= Instructions for the task =
Look through the listing for the string "Duck" and copy out every line that holds it.
****************************************
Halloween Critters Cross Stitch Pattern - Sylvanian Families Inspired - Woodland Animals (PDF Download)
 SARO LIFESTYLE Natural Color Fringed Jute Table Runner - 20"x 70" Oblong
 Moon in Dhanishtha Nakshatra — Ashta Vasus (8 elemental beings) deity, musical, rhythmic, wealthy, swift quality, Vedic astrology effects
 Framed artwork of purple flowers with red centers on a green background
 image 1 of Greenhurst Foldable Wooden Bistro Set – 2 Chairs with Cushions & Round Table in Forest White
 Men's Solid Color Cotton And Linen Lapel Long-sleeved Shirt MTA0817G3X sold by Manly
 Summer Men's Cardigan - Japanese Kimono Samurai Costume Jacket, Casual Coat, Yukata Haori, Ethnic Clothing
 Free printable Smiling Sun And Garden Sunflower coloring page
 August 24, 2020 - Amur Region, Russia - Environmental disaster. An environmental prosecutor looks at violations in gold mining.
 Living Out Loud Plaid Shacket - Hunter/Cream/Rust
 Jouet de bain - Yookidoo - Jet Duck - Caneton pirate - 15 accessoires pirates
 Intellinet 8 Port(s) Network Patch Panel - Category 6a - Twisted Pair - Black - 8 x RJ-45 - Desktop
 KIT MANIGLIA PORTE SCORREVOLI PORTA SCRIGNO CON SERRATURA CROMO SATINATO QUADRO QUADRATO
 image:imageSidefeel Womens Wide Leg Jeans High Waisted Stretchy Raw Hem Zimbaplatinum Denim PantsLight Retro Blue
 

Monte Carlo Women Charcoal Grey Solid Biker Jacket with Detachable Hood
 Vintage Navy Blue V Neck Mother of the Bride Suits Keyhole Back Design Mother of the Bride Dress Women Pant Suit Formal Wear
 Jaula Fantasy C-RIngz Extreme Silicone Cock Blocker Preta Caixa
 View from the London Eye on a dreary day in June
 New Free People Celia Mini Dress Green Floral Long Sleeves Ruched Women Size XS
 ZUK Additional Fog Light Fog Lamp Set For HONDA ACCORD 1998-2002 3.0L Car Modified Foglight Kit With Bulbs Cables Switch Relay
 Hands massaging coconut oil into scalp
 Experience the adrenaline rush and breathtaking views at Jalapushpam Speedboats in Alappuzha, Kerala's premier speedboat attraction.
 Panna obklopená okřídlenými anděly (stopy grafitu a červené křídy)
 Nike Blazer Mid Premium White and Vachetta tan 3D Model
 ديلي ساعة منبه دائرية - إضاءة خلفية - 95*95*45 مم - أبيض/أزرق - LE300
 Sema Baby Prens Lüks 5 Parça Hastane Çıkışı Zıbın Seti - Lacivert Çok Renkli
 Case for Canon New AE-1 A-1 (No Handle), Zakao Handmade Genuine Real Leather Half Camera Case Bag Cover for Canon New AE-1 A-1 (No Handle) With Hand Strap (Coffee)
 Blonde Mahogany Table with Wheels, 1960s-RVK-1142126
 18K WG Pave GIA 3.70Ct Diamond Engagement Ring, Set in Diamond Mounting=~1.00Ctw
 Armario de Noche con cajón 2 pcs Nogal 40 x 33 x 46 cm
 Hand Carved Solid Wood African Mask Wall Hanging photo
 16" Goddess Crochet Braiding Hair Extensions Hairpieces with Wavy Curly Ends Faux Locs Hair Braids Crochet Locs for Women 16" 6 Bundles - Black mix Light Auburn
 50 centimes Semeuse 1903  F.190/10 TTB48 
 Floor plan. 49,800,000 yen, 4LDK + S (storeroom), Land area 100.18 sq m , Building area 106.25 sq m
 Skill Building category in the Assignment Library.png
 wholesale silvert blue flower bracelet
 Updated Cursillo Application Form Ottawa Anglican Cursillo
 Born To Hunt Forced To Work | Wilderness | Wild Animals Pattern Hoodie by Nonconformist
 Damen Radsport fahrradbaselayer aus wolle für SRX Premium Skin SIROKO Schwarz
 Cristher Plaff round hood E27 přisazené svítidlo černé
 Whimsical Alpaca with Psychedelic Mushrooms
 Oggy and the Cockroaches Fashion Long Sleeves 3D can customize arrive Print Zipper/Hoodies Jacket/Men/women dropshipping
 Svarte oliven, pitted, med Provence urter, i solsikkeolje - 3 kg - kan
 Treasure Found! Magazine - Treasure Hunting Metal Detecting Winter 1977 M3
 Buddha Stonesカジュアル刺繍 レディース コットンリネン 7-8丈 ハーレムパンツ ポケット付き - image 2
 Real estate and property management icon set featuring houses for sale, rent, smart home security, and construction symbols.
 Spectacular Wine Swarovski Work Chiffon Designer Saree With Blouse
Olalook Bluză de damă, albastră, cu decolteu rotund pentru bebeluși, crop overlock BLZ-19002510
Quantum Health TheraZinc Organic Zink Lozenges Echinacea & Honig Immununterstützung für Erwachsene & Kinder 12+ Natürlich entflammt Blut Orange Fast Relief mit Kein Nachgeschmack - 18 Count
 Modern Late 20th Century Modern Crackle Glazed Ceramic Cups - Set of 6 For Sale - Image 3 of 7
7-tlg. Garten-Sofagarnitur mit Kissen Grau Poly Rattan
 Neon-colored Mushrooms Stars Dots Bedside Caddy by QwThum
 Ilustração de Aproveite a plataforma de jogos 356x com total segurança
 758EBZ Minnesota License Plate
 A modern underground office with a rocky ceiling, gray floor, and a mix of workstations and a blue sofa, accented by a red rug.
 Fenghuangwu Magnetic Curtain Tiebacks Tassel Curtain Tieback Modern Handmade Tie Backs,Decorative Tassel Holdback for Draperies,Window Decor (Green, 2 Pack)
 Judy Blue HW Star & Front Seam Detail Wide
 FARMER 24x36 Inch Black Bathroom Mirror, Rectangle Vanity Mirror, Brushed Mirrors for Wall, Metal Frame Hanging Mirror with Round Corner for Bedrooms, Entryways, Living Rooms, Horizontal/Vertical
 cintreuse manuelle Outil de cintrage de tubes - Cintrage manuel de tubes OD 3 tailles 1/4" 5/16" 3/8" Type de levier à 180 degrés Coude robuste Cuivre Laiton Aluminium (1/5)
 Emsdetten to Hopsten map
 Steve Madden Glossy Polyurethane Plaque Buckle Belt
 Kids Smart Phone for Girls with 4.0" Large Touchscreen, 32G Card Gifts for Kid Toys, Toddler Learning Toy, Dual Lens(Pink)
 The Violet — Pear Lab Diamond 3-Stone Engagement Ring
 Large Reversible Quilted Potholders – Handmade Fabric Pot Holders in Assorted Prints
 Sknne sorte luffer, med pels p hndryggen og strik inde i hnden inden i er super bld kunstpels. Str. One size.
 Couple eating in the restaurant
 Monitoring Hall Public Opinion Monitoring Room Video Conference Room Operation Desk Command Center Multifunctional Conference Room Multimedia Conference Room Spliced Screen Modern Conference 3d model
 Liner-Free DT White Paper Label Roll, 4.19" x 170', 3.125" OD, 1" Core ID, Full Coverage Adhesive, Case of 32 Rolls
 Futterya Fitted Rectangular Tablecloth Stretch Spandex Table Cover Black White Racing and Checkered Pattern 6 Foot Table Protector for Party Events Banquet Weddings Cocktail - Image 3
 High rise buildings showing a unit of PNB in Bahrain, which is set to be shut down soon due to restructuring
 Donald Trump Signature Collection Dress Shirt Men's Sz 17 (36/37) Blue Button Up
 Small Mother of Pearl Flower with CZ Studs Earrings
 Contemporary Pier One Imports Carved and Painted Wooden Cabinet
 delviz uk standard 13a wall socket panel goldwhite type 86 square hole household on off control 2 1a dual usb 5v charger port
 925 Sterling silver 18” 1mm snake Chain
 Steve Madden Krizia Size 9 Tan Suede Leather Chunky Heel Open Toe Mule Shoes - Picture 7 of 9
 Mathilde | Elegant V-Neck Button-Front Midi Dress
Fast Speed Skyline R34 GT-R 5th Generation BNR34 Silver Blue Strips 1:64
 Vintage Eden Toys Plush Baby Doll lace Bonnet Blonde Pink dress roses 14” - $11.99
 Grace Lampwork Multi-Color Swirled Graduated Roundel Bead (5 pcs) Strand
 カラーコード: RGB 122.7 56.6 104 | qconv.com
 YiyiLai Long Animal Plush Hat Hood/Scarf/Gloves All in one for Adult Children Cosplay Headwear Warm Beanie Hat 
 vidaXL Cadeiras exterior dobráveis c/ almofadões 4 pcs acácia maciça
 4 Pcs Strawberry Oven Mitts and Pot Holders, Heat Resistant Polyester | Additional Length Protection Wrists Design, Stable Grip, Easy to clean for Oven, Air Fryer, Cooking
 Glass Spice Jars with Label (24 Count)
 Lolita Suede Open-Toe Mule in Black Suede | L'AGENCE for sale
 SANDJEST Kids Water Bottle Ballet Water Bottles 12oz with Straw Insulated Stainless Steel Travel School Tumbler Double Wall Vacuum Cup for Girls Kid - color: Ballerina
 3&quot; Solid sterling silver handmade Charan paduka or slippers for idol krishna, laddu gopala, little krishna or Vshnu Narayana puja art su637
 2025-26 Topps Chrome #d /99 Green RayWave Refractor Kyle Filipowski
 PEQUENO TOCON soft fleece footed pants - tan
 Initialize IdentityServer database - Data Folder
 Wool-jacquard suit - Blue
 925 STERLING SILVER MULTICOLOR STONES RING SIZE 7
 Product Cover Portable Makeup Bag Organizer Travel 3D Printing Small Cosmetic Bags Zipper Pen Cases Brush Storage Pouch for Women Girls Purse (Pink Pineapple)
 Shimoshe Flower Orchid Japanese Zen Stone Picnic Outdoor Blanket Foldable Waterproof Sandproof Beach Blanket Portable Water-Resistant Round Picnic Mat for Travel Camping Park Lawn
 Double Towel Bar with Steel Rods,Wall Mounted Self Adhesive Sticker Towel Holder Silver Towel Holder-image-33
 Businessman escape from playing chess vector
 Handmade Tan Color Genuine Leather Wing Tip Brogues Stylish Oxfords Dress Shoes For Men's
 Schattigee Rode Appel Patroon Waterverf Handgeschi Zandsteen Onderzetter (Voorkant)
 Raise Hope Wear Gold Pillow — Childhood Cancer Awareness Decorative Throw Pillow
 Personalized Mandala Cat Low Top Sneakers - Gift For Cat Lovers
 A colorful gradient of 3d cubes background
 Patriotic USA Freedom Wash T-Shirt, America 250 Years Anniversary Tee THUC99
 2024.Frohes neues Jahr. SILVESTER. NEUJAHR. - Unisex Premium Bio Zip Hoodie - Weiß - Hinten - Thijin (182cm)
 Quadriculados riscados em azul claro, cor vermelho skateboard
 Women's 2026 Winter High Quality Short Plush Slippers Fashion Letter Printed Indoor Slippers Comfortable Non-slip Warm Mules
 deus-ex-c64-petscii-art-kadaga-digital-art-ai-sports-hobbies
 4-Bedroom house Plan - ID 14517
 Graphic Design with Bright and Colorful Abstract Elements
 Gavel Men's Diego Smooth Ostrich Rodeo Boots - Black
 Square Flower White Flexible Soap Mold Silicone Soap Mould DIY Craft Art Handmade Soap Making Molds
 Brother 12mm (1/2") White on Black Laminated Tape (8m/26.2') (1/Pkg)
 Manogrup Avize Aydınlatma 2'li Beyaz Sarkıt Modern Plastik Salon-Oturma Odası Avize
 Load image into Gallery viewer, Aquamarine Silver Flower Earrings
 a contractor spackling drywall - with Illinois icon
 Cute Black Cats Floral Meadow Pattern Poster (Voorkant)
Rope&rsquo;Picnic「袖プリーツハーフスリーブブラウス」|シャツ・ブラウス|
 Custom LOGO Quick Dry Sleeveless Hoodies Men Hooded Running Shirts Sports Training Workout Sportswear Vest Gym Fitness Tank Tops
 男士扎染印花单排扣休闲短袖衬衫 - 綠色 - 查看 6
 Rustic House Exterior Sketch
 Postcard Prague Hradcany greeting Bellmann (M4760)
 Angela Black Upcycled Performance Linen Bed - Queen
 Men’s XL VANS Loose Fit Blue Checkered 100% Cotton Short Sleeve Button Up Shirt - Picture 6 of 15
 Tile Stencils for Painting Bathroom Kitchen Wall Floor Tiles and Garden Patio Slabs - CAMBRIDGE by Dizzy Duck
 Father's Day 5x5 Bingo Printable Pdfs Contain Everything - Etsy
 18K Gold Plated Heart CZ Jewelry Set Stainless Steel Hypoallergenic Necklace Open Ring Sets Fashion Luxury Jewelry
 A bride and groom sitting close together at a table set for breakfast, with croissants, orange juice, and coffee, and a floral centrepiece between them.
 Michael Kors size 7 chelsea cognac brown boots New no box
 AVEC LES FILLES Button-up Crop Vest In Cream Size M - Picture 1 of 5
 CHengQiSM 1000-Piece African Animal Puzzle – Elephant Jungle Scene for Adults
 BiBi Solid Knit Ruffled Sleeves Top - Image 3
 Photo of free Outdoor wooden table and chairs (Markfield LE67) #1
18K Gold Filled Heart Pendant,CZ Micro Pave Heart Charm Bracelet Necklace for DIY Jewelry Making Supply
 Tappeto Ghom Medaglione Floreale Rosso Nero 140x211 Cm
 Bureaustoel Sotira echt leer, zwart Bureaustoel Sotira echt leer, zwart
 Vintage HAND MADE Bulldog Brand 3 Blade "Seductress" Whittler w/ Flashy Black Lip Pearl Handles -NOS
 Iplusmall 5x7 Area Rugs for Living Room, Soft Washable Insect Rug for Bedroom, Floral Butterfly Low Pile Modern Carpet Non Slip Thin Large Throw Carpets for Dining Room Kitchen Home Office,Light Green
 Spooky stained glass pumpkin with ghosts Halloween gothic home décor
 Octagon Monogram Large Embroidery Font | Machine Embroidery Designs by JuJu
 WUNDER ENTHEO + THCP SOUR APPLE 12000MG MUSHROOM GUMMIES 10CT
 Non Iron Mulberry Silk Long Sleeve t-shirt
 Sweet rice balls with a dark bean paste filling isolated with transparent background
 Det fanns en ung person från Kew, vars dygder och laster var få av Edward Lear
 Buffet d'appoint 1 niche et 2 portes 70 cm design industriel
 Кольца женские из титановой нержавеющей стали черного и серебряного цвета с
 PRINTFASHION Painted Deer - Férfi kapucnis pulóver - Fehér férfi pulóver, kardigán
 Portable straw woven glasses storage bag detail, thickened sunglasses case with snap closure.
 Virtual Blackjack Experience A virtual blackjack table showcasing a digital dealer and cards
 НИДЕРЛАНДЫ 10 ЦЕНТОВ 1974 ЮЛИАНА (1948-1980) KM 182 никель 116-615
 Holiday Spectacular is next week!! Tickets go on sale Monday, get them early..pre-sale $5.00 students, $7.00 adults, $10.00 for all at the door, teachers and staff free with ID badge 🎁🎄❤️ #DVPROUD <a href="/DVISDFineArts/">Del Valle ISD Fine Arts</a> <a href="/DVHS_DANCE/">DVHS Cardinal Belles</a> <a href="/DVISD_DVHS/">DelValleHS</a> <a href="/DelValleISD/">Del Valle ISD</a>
****************************************
= Task answer =
 Jouet de bain - Yookidoo - Jet Duck - Caneton pirate - 15 accessoires pirates
 Tile Stencils for Painting Bathroom Kitchen Wall Floor Tiles and Garden Patio Slabs - CAMBRIDGE by Dizzy Duck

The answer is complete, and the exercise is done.